The second shift lies in the realm of domestic digital diplomacy. That diplomats now target their own populations is well known. Yet during Covid19, MFA content dealt almost entirely with the virus. An analysis of all Facebook posts published by the British Foreign Office between March and August of 2020, found that more 90% of the content dealt with Covid19. Such posts detailed travel warnings to several countries, offered consular aid and depicted the ‘behind the scenes’ efforts to help Brits stranded abroad. However, a large proportion of these Posts highlighted Foreign Office success stories such as repatriating British citizens from various nations be it by ship, train or planes. Many posts included images of British Ambassadors escorting British citizens to specially chartered flights. Other videos depicted citizens being warmly greeted by grateful family members at Heathrow airport. These success stories may have helped the Foreign Office obtain an important goal- solidifying a domestic constituency that views the foreign ministry as an important one. Such a constituency is now sought by many MFAs who have lost their monopoly on managing a state’s external affairs as more and more government ministries collaborate with peers from abroad. Moreover, in many countries, such as Israel, MFA activities are transferred to other ministries as part of political haggling.    
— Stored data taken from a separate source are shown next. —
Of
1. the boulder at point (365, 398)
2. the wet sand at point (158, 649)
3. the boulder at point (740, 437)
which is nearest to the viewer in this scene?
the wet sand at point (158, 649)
Finally, several MFAs have used nostalgia when commenting on Coid19. This was usually the case when a historic anniversary coincided with the outbreak (e.g., events from WW1 or WW2). The message imbued in such tweets was “we have weathered greater storms in the past”. This is part of a greater trend in which nostalgia has become a public diplomacy tool, a way of making sense of a senseless world. For instance, the US State Department has used Facebook to label China as the new USSR and Covid as the new Chernobyl. This is evident in the language that the State Department uses (e.g., emphasis on communism) and its images. Nostalgia is a powerful tool. US citizens who find it hard to understand China’s role in the world, and its relationship with the US, can simply rely on the nostalgic dichotomy of democracy versus communism. Yet, nostalgia is a fickle mistress as it is often the gateway to populism, nationalism and attacks on the machinery of diplomacy. Nostalgia also over-simplifies events promising easy solutions that can never be delivered.